We also have to consider that 29 states and the District of Columbia have Renewable Portfolio Standards that have helped to drive this growth. These standards, which mandate that a certain percentage of electricity come from renewable energy, including wind power, will continue to drive renewable-energy expansion after the tax credit expires.

Meanwhile, in the midst of this historic growth, the Production Tax Credit is harming the electricity markets in myriad ways. First, because the tax credit provides a tax benefit for new projects, it incentivizes wind developers to build them regardless of demand. Wind projects are being brought online in great numbers in order to collect the subsidy, despite the fact that demand for power is flat in most of the United States.

Second, and even more alarming, the Production Tax Credit is creating an incentive for wind generators to actually pay the electricity grid to take their power when it’s not needed. In other words, because the tax credit is sometimes worth more per kilowatt-hour than the average wholesale price of power, wind producers will pay the market to take their power to collect the subsidy, even when there is not much market demand for it. Imagine if a coffee shop paid a customer $5 to drink a cup of its coffee — even though the customer already has plenty of inexpensive coffee shops in his neighborhood — because the government gave the company $7 for every cup of coffee it served.

As one can imagine, this phenomenon, called “negative pricing,” has a real impact on the electricity market and threatens the well-being of other power producers. Not only is it difficult for conventional baseload generators to ramp down their production when unneeded wind power comes online — usually in the middle of the night — it can force them to shut down for long periods of time into the next day, when their power is needed most. Or it can force them to join wind producers in paying the market to take their power to continue running.

For a good example of how negative pricing is adversely impacting conventional generation, look no further than Billings, Mont., where a baseload coal plant owned by PPL Montana recently shut down. In relation to the plant’s closure, PPL Montana’s Chief Operating Officer Pete Simonich stated, “[w]ind farms can make a profit even in low-demand time of the season because they can pay people to take their electricity.”

This brings me to my next point. Congress should not be in the business of picking energy winners and losers by providing wind with an unfair advantage in the form of the Production Tax Credit. Wind should be allowed to compete in the free market just like other types of generation.

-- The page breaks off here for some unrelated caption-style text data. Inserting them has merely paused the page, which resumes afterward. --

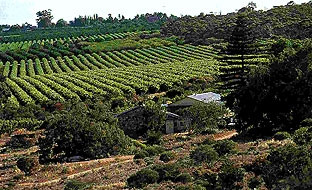 Vùng ngoại ô Adelaide với những cánh đồng nho.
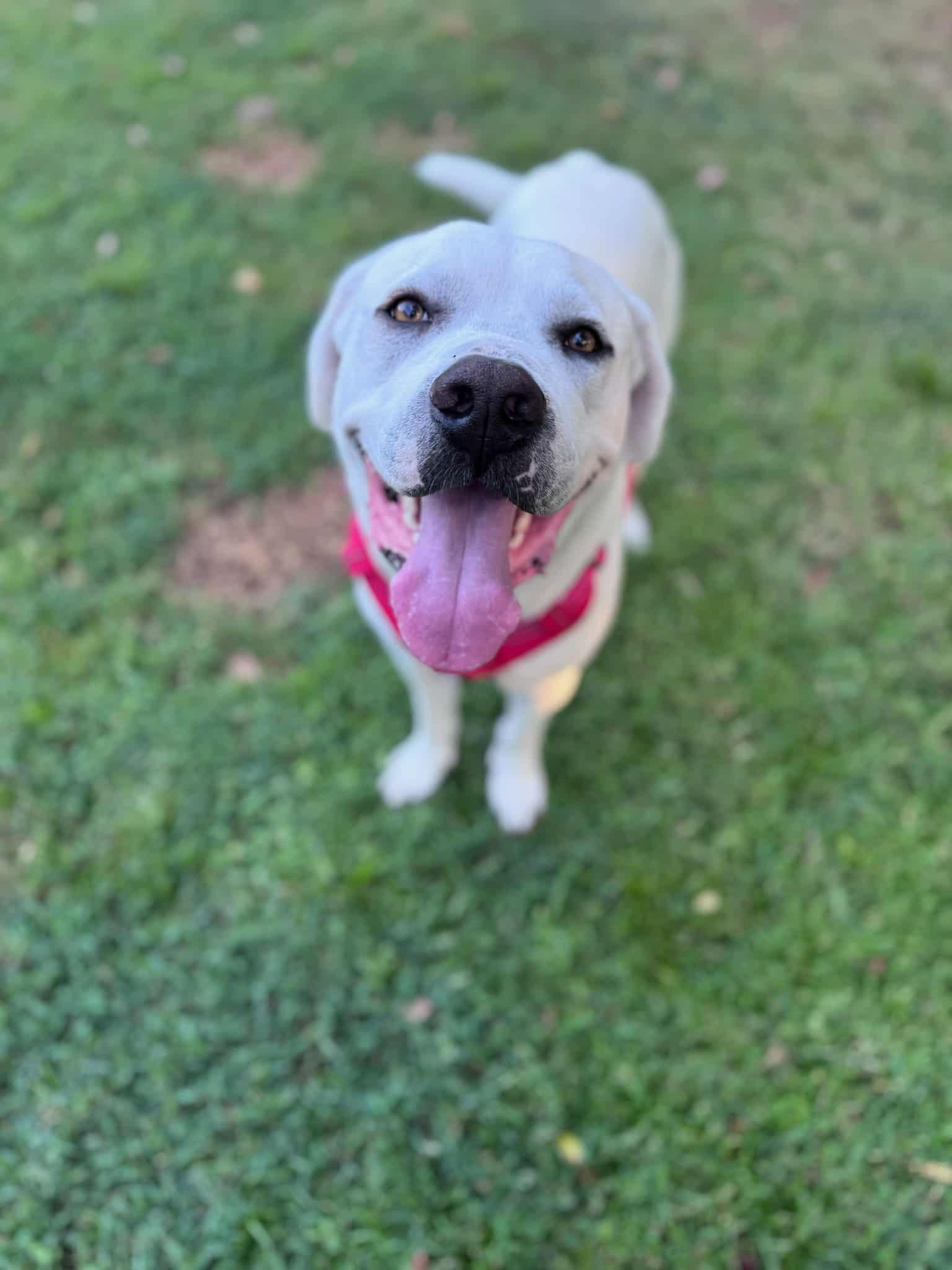 Enlarge Hubie-Doo, a Adoptable mixed breed in Valdosta, GA image 2/4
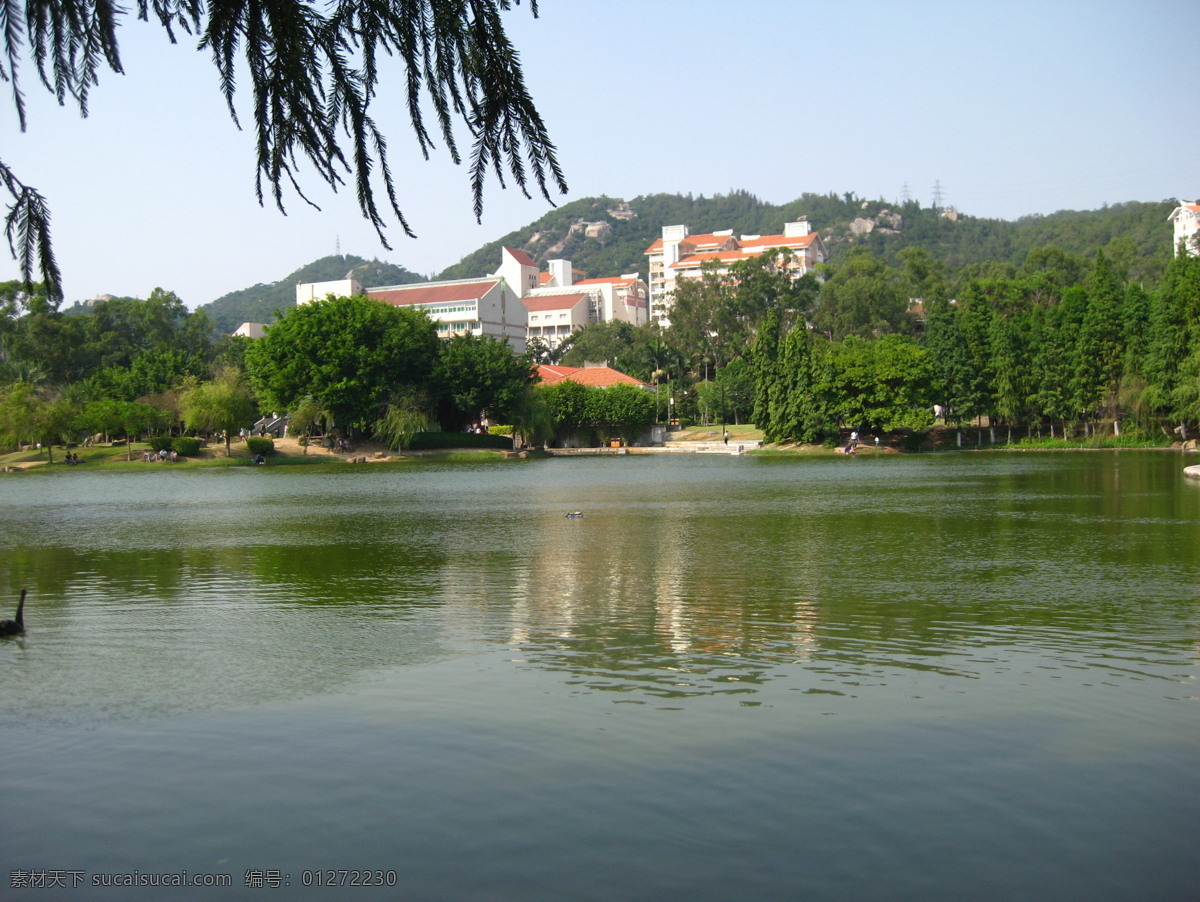 厦门大学 湖水 风景 学校 建筑 自然景观 自然风景 灰色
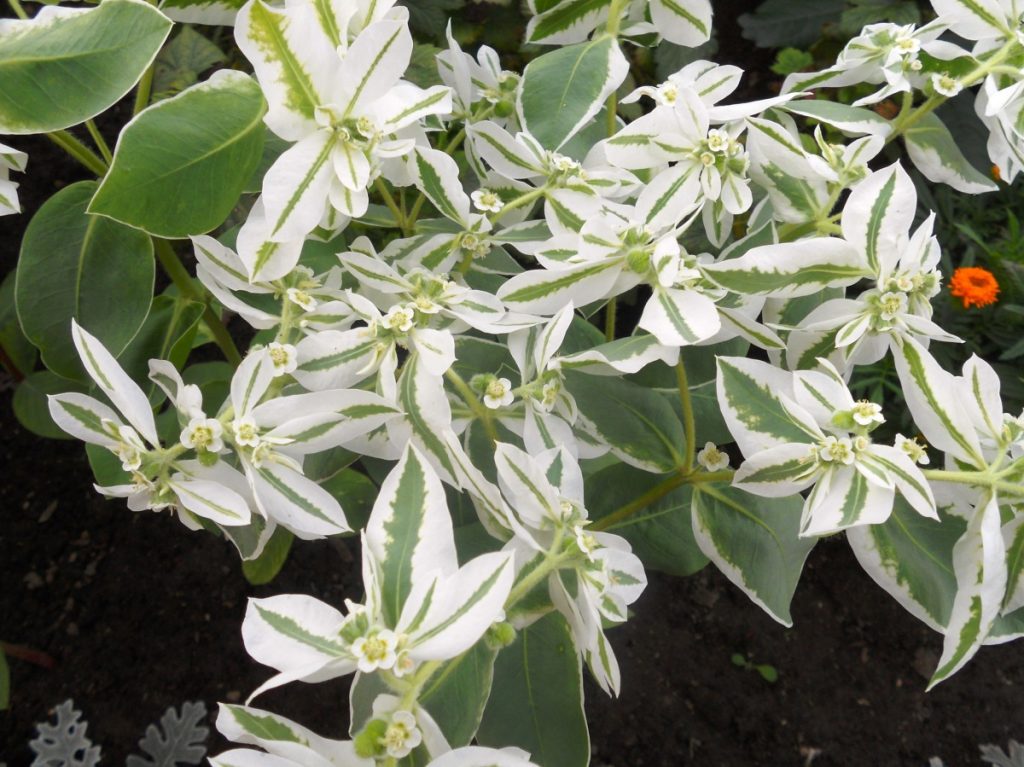 Окаймленный молочай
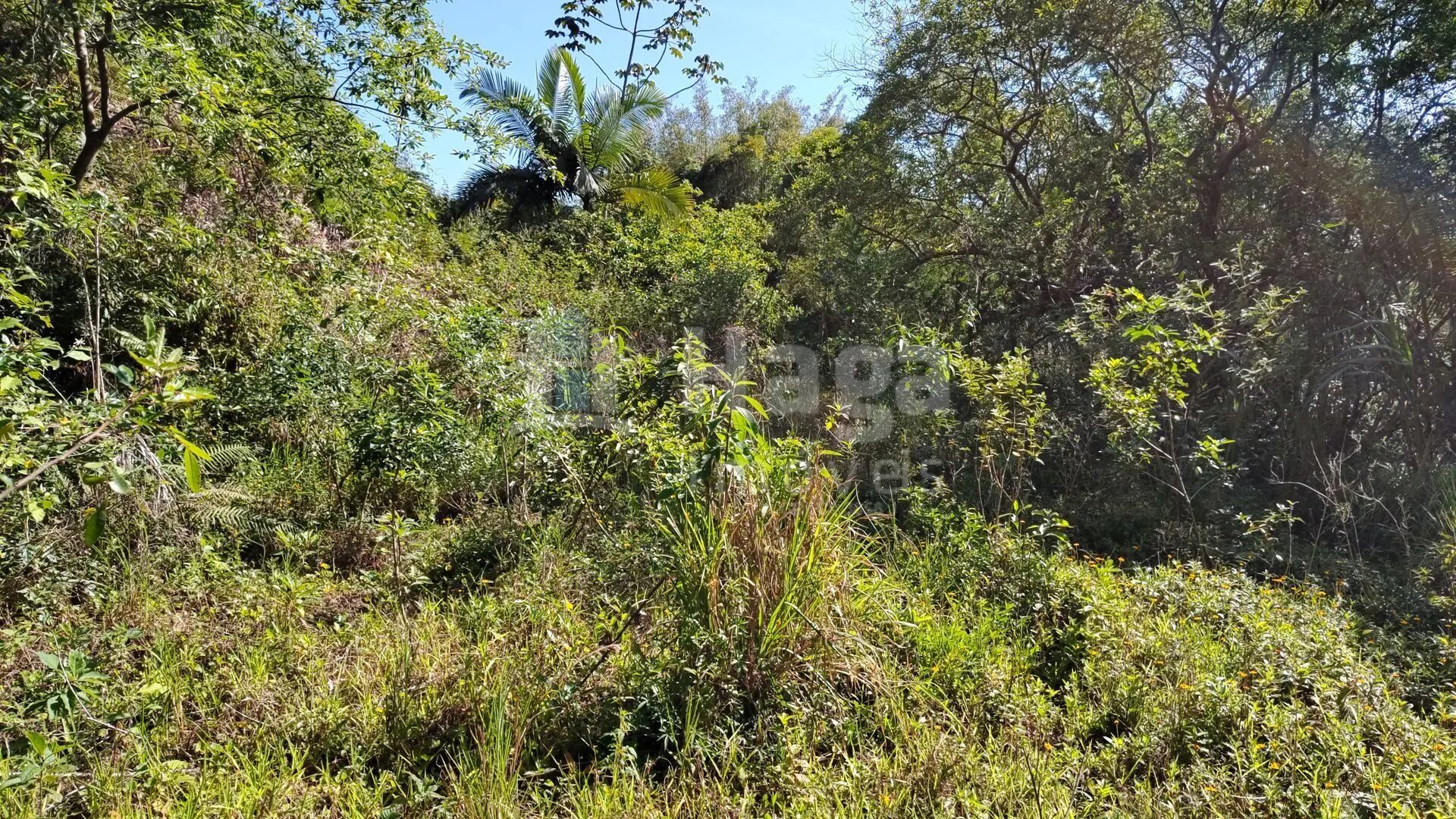 Terreno à venda de 1 ha em Brusque, SC, Brasil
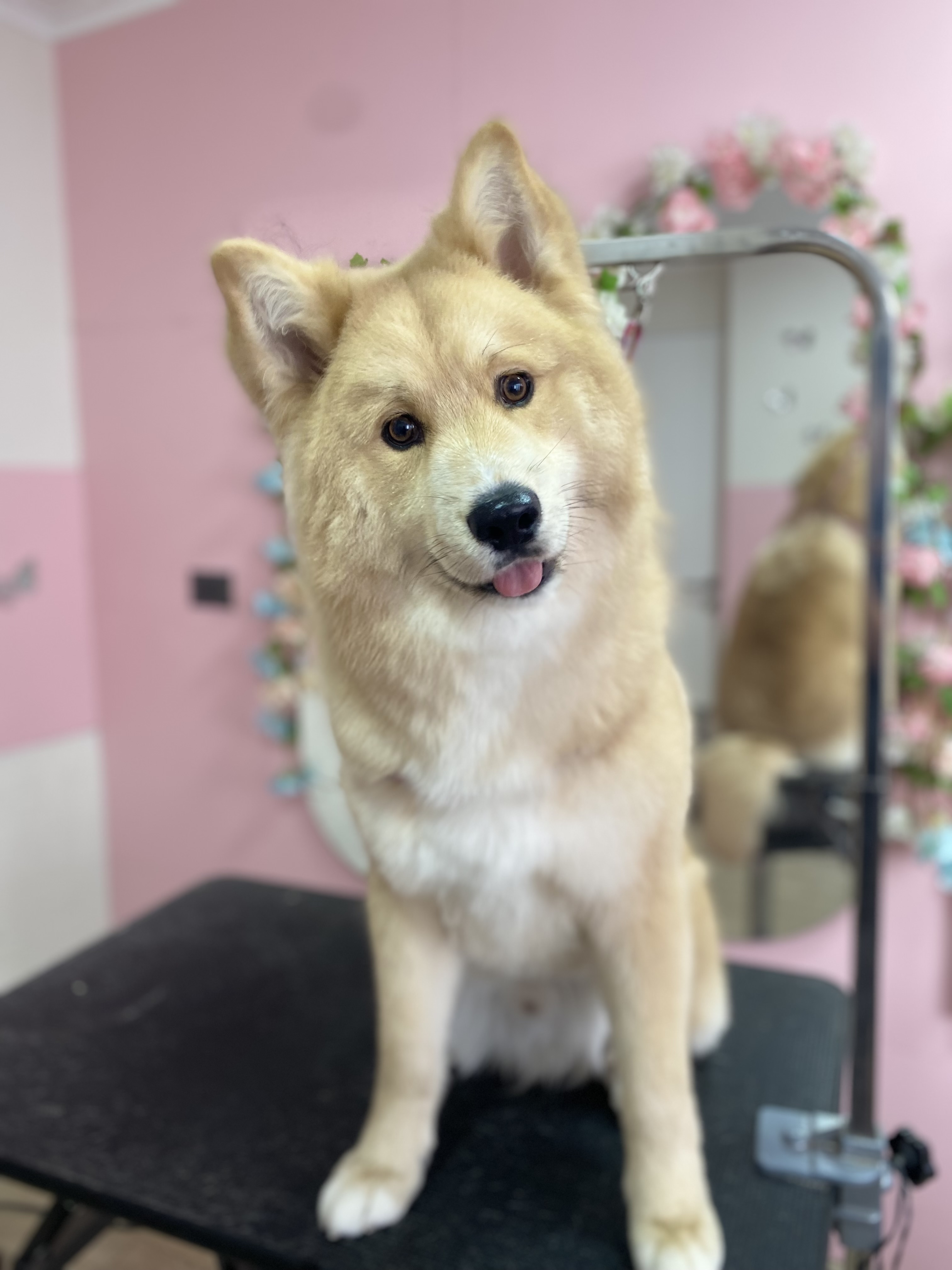 Foto de peluquería canina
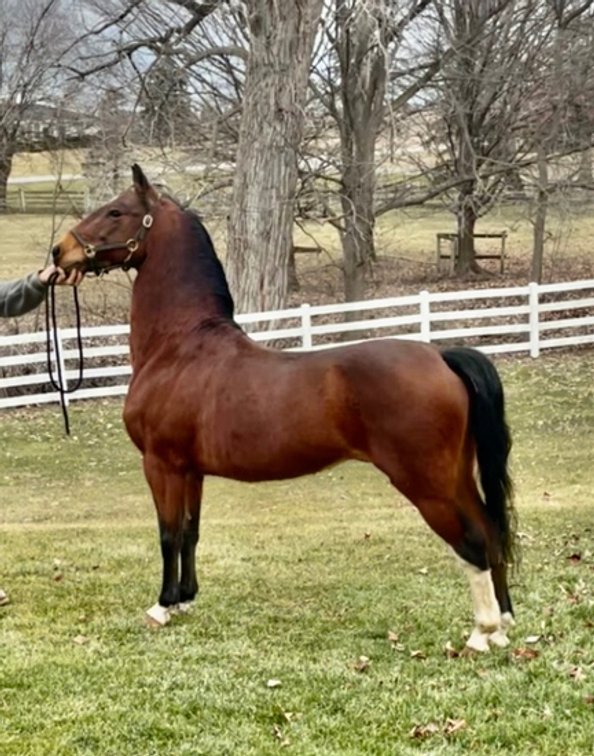 ANTICIPATION’S TOP GUN LF (30340)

Of course, conventional generators aren’t the only ones paying a price for the tax credit. Year after year, the tax credit is renewed on the backs of American taxpayers, most recently to the tune of $12 billion for the subsidy’s extension in 2013, according to the Joint Committee on Taxation. Disturbingly, this number is only going to grow. Just last month, the committee found that extending the tax credit for another year would cost a whopping $6.1 billion.

The bottom line is that 20-plus years of the Production Tax Credit for wind has been more than enough. Like a responsible bartender, Congress needs to take the bottle away and cut off the over-served wind industry. The tax credit has had its beginning, a long muddle and now it is time to end it.

Don Nickles, a former Republican member of the U.S. Senate from Oklahoma, is chairman and CEO of The Nickles Group, LLC.